SALE AND TRANSFER OF ASSETS; CLOSING

1.1 Assets to Be Sold. Upon the terms and subject to the conditions set forth in this Agreement, at the Closing, but effective as of the Effective Time, the Selling Companies shall sell, convey, assign, transfer and deliver to Parent and/or Newco and Parent and/or Newco shall purchase, assume and acquire from the Selling Companies, free and clear of any Liens other than Permitted Liens all of the Selling Companies’ right, title and interest in and to all of the Assets, personal or mixed, tangible and intangible, of every kind and description, wherever located, except for the Excluded Assets. In order to effect the transfer of the Assets that are Real Property, each of the applicable Selling Companies and Parent shall execute and perform the obligations set forth in a real property purchase agreement, the form of which is attached hereto as Exhibit A (the “Real Property Purchase Agreement”).

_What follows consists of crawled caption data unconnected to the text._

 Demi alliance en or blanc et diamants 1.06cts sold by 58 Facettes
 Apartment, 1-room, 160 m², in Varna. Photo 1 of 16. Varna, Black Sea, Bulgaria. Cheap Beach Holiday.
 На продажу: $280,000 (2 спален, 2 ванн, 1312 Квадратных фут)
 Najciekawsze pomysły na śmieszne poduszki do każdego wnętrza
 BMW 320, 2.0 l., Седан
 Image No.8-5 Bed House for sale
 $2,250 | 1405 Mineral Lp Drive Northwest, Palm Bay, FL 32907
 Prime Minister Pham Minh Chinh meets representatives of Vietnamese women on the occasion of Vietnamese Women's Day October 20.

1.2 Excluded Assets. Notwithstanding anything to the contrary contained in Section 1.1 or elsewhere in this Agreement, the Excluded Assets of the Selling Companies shall not be part of the sale and purchase contemplated hereunder and are excluded from the Assets and shall remain the property of the Selling Companies after the Closing.

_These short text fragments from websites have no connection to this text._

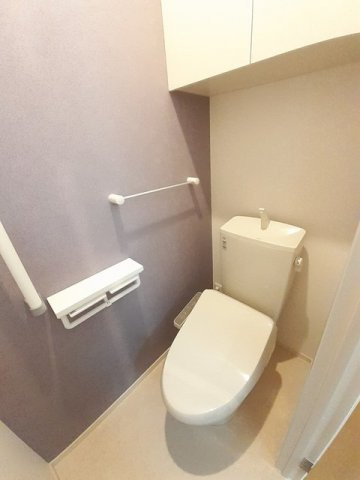 シエロアズール　Ａのトイレ|トイレもきれいです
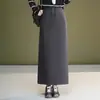 Saia midi casual de corte reto para mulheres, novo estilo outono 2026, saia versátil com cordão que abraça o quadril, cintura alta, modeladora, com fenda, saia longa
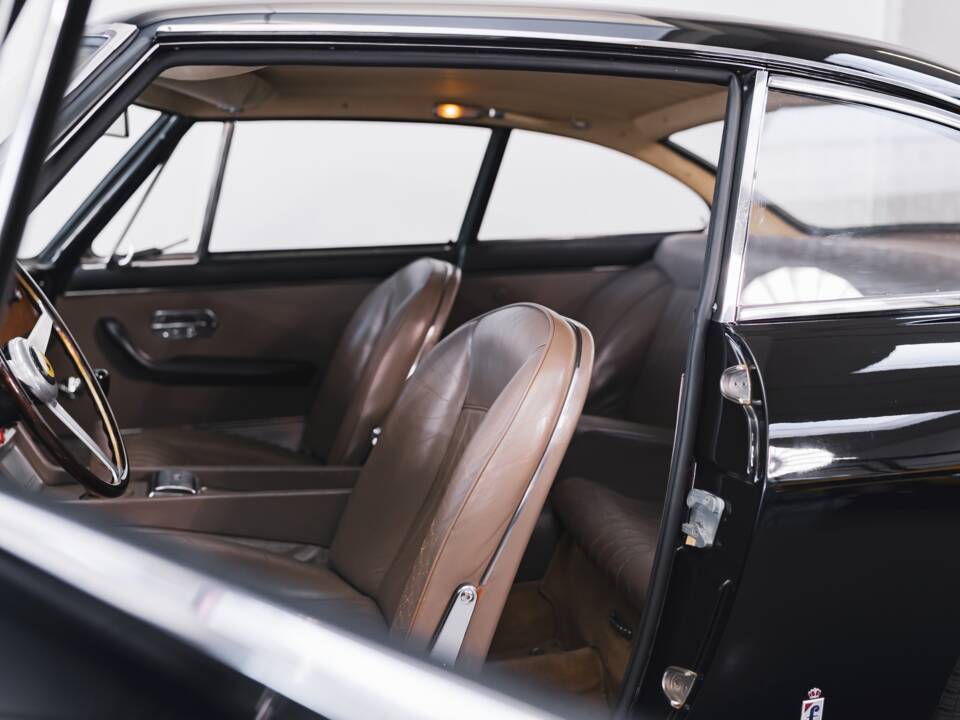 Image 9/100 of Ferrari 330 GT 2+2 (1965)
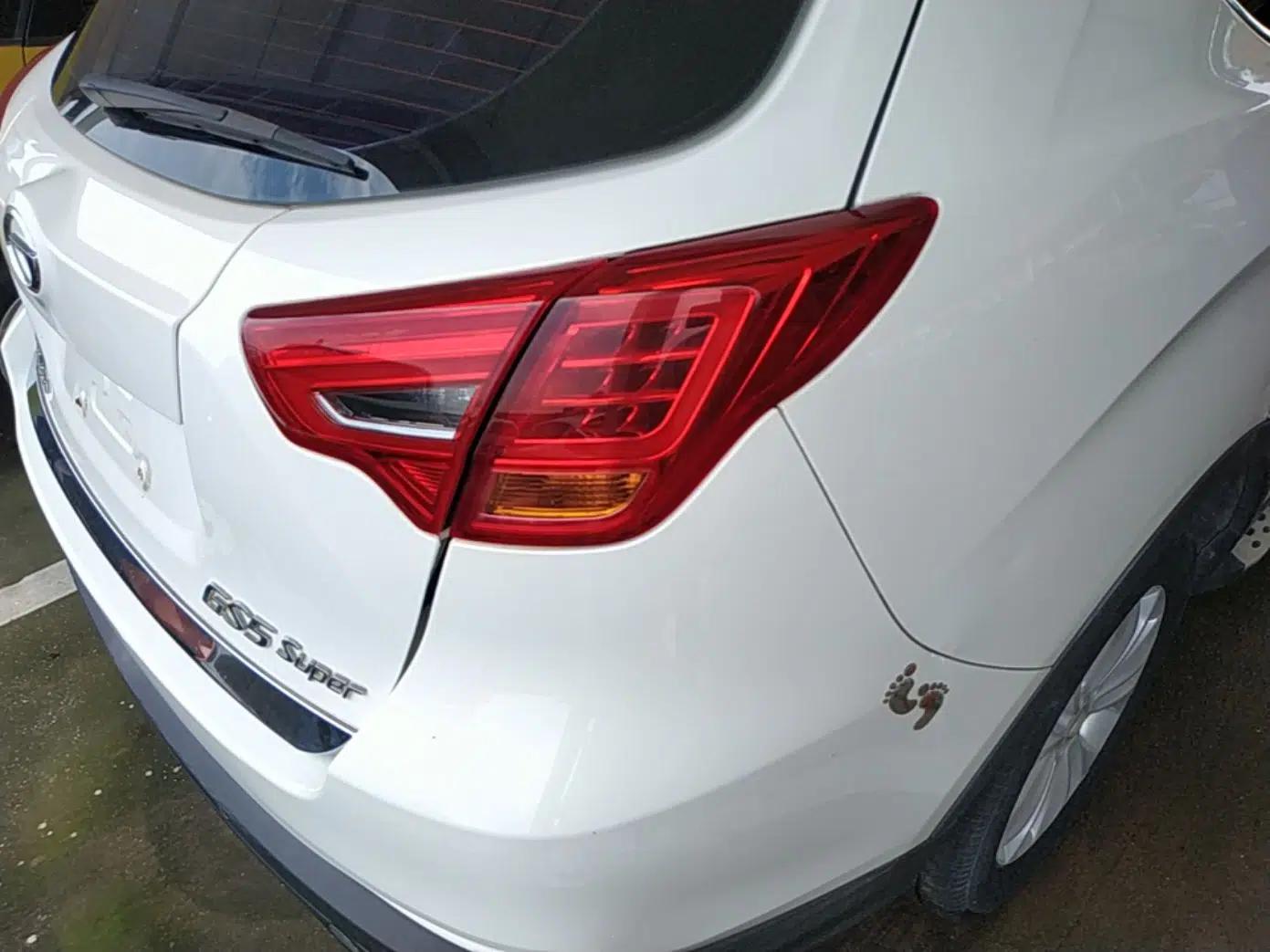 GAC Trumpchi GS5 Super 2015 2.0L Automatic Two-Wheel Drive Comfort Edition — миниатюра 9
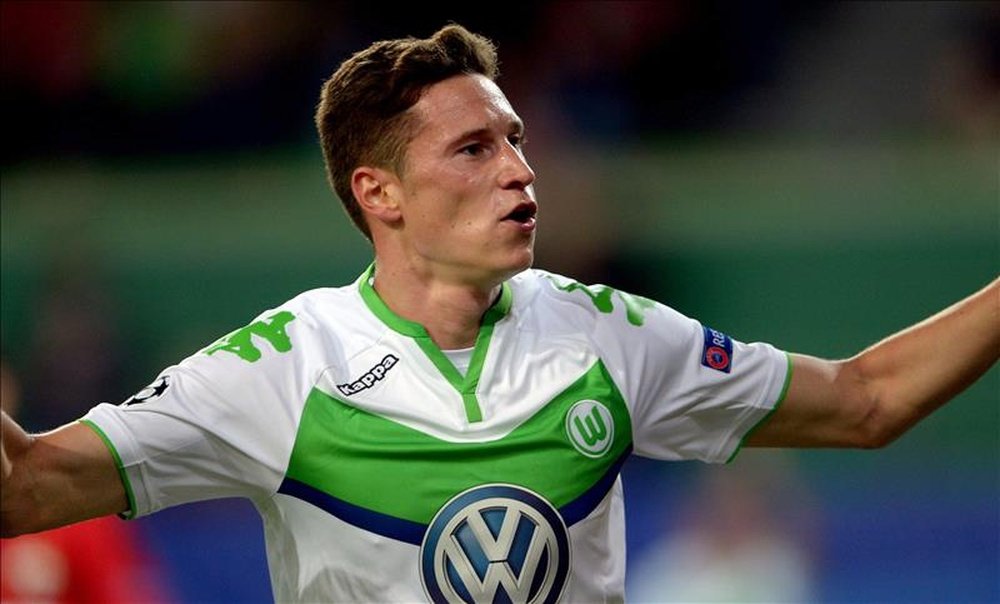 Manchester United have made a £30 million bid for Wolfsburg attacker Julian Draxler. EFE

1.3 Assumed Liabilities; Retained Liabilities. On the Closing Date, but effective as of the Effective Time, Parent and/or Newco shall assume and agree to pay, perform and discharge all of the Assumed Liabilities. The Retained Liabilities will not be assumed by Parent and/or Newco and shall remain the sole responsibility of and shall be retained, paid, performed and discharged solely by the Selling Companies.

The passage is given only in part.